Dartmouth players Cade Haskins and Romeo Myrthil began the initial push for unionization via a petition in September. They celebrated the results of the historic election in a statement.

"It is self-evident that we, as students, can also be both campus workers and union members," they said. "Dartmouth seems to be stuck in the past. It’s time for the age of amateurism to end."

They told NBC News Now that they had to take on campus jobs to sustain their finances while they were student-athletes because they don't get any benefit or stipend despite the full-time commitment.

The Dartmouth team voted to join SEIU Local 560, which represents service employees in Hanover, New Hampshire. The union's local and international presidents congratulated the team on its vote.

"The Ivy League is where the whole scandalous model of nearly free labor in college sports was born and that is where it is going to die," SEIU International President Mary Kay Henry wrote. "But this victory is about way more than sports, it’s about people who need a union getting one."

The National Labor Relations Board paved the way for the union vote on Feb. 5, when Regional Director Laura Sacks ordered an election for the team.

“Because Dartmouth has the right to control the work performed by the Dartmouth men’s basketball team, and the players perform that work in exchange for compensation, I find that the petitioned-for basketball players are employees within the meaning of the [National Labor Relations] Act,” Sacks said in a statement.

Dartmouth pushed back against the ruling, filing an appeal to postpone the election or impound the ballots.

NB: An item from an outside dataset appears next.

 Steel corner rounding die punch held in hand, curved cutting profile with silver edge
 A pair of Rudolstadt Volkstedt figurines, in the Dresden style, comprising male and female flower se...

In the motion, which the NLRB denied Tuesday, the university argued that the athletes are "students first and athletes second" and that they participate in college basketball to further their educational aims, like all students who participate in extracurricular activities.

Cornell University sports law professor Michael L. Huyghue said the classification of college athletes as regular students is a “mockery,” because it neglects the millions of dollars colleges are paid for television contracts, marketing rights and ticketing sales.

“We’ve just reached a point where the antitrust laws are suggesting universities don’t have a right to capitalize on all that revenue,” he said.

Dartmouth still has five days to file an objection to the union election. The NLRB decision can be appealed up to the Supreme Court.

The university said in a statement Tuesday that unionization is not appropriate for the team's players because it is inaccurate to classify them as employees simply because they play basketball.

"For Ivy League students who are varsity athletes, academics are of primary importance, and athletic pursuit is part of the educational experience," it said.

Helen Drew, a professor of sports law at the University of Buffalo, said that neglects the divide between college athletes and their peers in terms of workload.

“A significant number of D1 athletes are anxious, depressed and unhappy,” Drew said, referring to the NCAA’s Division I classification. “We should be empowering the athletes to have a better place.”

Dartmouth Big Green players
Dartmouth players huddle during a game against Columbia in New York City on Feb. 16.Adam Gray / Getty Images

It is not the first time a college athletics team has made a bid to be recognized as employees. In 2014, Northwestern University's football team sought union status from the NLRB.

Although a union election was held, the ballots were destroyed because the NLRB ruled the following year that the prospect of mixing union and nonunion teams in college sports could create competitive imbalances on the field.

But Huyghue said that argument overlooks that there is already an imbalance in competition and resources at every university in terms of how teams travel and have access to equipment, medical care, training, etc.

"We don't have an equitable system that says every university has to have the same amount of money spent on its programs," Huyghue said. "It's the haves and have-nots, and that has always been the case in college sports."

Drew and Huyghue said they expect student-athletes at other colleges, particularly within the Ivy League, to petition for unionization in light of the vote.